The Democrats used a variety of methods to
influence government policy and outcomes. These included informal
sounding out by government about a potential approach to an issue;
formal negotiation and agreement on an approach to an issue,
possibly including compromise of particular aspects of the issue;
use of the formal processes of the Senate such as committees and
debate on the floor of the chamber to effect an outcome or creating
publicity in order to utilise public opinion to influence the
government’s action.[29] As Senator Nick Minchin observed in a Senate
valedictory speech:
I think it can be said of the Democrats,
frankly, that they have been, if you assess their record over the
years, very responsible in the exercise of that great influence
… They have generally taken their balance of power role very
seriously and have practised to great effect one of the great arts
of politics: the art of compromise, which is required of us all
…[30]
These negotiations were often politically
risky, as was demonstrated by the compromise agreement reached to
pass the Workplace Relations Bill 1996 and then later the GST, and
at times attracted fierce opposition, principally from the
Opposition and the Greens.
The Democrats were at times ridiculed for
their stances and policies, accused of being on the fringe: former
Labor minister Senator Peter Walsh described them as the
‘fairies at the bottom of the garden’ party.[31] They were also often
accused of being obstructive by the government of the day when they
prided themselves on looking at each legislative measure on its
merits and acting as the ‘watchdog’ to improve
legislation.
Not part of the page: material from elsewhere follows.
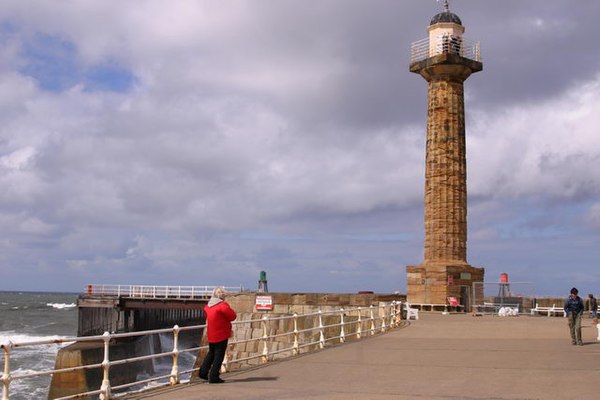 Image: Whitby lighthouse and West Pier.   geograph.org.uk   1077167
Prime Minister Howard accused them of obstructing the
government’s mandate.[32] In reality, though, very few Bills were rejected
in the Senate because of Democrat opposition: for the eleven years
1990–2001 only 45 of the 2066 government Bills passed by both
Houses were rejected by non-government parties and independents. In
most of these divisions the Democrats voted with the Opposition to
reject the Bills. On a few occasions the Opposition voted with the
Government to reject a Bill: to vote down private members Bills
introduced by the Democrats.
Table 5: Bills rejected in the Senate
1990–2001
Parliament
|
No. government bills passed by both Houses
|
No. government bills rejected by Senate or laid aside
because of Senate amendments
|
36th (1990–93)
|
599
|
4
(0.7%)
|
37th (1993–96)
|
484
|
11
(2.2%)
|
38th (1996–98)
|
406
|
13
(3.1%)
|
39th (1998–2001)
|
577
|
17
(2.9%)
|
Source: Department of the Senate, Business
of the Senate, 1990–2001
The Democrats continued to play a pivotal role
in the Senate until the 2004 election, when the Howard Coalition
Government won control of the Senate.
One of the objectives outlined in Don
Chipp’s policy launch in 1977 centred on restoring the Senate
as a ‘House of Review’.[33] The Democrats thereafter worked to
reform Senate procedures, with the aim of achieving greater levels
of equity, accountability and transparency. Some of their
achievements included:
- the practice of electing an Opposition senator as deputy
president of the Senate from August 1981
- strengthening the scrutiny function of the Senate committee
system in the following ways:
- being instrumental in establishing the Scrutiny of Bills
Committee in 1981
- increasing the number of references and legislation referred to
committees
- supporting changes to the committee structure in 1994, which
lead to six of the eight references committees being chaired by
Opposition senators and two by Democrat senators
- in 1986 the Macklin motion introduced the cut-off for
introducing bills into the Senate— any legislation received
after a specified deadline was to be automatically adjourned until
the next sitting of Parliament
- on the 20 June 2001 the Senate agreed to the Murray motion,
which was aimed at ensuring accountability to the Senate for
government contracts.
The significance of the Democrat’s role
has been later acknowledged by a Rudd Government spokesperson:
It is worth noting that the Democrat’s
contribution to the Senate and Australian politics was inextricably
linked to the development of the role of the Senate; they went hand
in hand. It was when the Democrats emerged as a third force in
Australian politics and held the balance of power in the Senate
that the role of the Senate and the role of the parliament
changed.[34]
The party was able to attract a range of
talented members from a diversity of backgrounds. The party led the
way in promoting women to leadership positions, as well as
contributing to a number of other significant political
milestones:
- in 1987 Janine Haines became the first female leader of a
political party in Australia. Since then the party has been led by
several women: Janet Powell (1990–91), Cheryl Kernot
(1993–97), Meg Lees (1997–01), Natasha Stott Despoja
(2001–02) and Lyn Allison (2004–08)
- on her appointment to fill a casual vacancy in 1996 Senator
Stott Despoja (SA), aged 26, was the youngest female senator to sit
in Parliament
- Brian Greig (WA) was the first openly gay member of
Parliament
- the election in 1998 of Aden Ridgeway (NSW), later deputy
leader to Senator Stott Despoja, who was only the second Indigenous
representative in the Commonwealth Parliament.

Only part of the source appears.